--- Data for processing ---

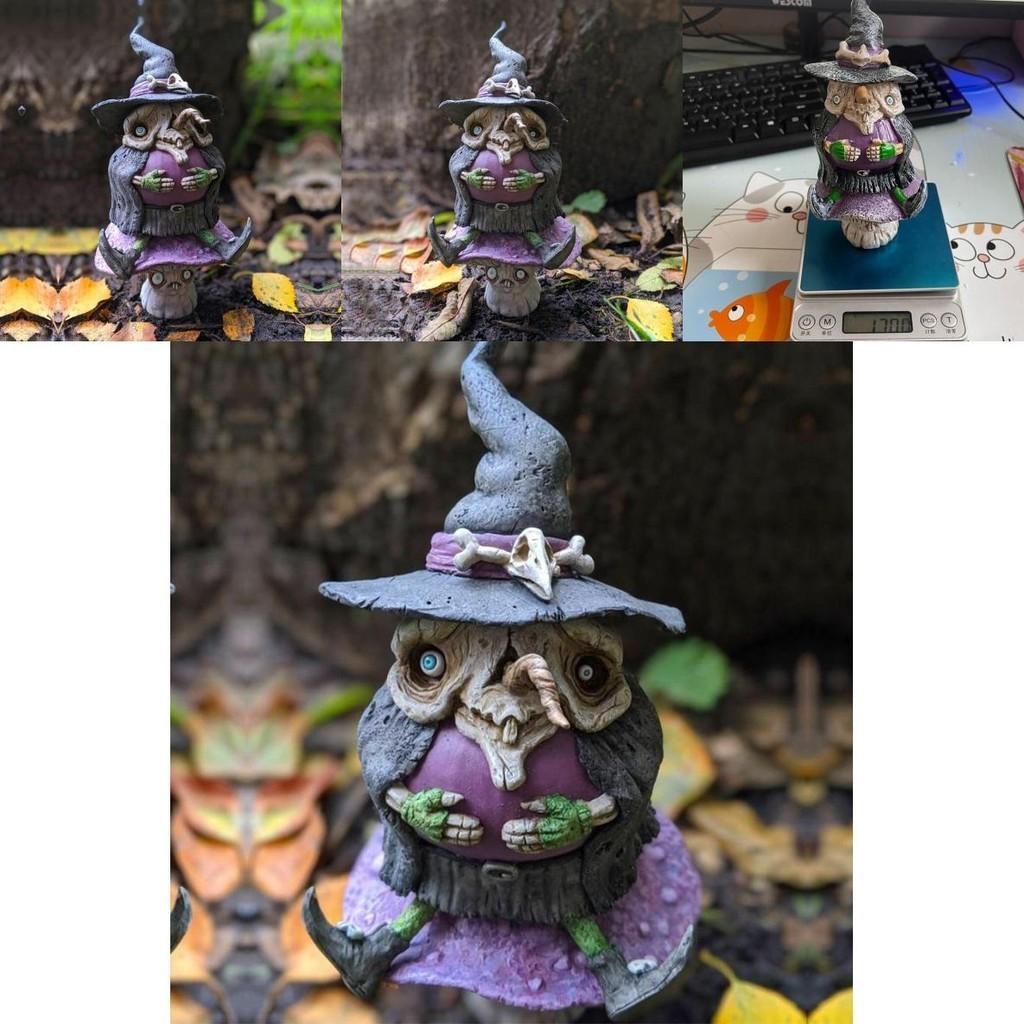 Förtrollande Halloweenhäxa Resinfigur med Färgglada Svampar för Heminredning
==
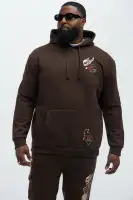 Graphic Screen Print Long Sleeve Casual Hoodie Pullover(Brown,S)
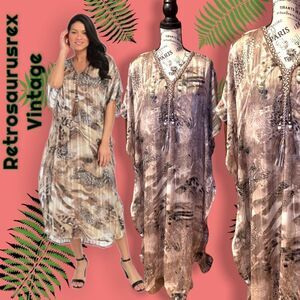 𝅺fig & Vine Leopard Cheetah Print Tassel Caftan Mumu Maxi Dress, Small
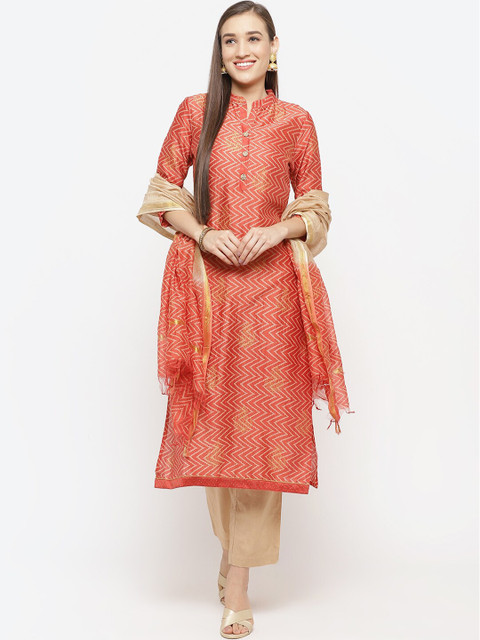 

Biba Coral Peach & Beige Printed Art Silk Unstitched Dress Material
==
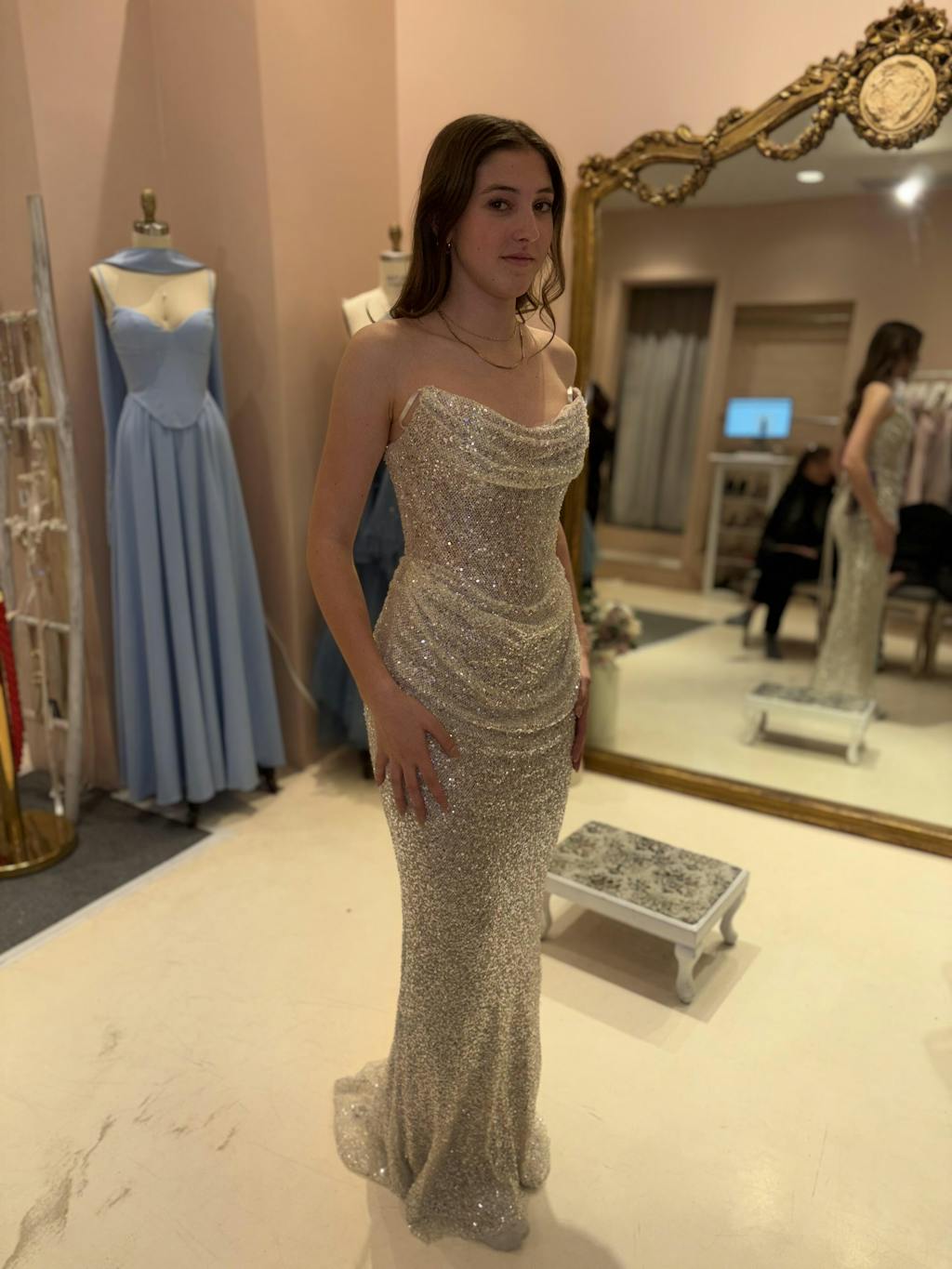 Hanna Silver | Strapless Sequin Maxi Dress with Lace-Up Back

--- Work instructions ---
Nothing but the lines above from the one that has "Graphic Screen Print" down to the one that has "Biba Coral Peach" belongs in the answer, copied exactly, without pictures.

--- The completed task ---
 Graphic Screen Print Long Sleeve Casual Hoodie Pullover(Brown,S)
 𝅺fig & Vine Leopard Cheetah Print Tassel Caftan Mumu Maxi Dress, Small

Biba Coral Peach & Beige Printed Art Silk Unstitched Dress Material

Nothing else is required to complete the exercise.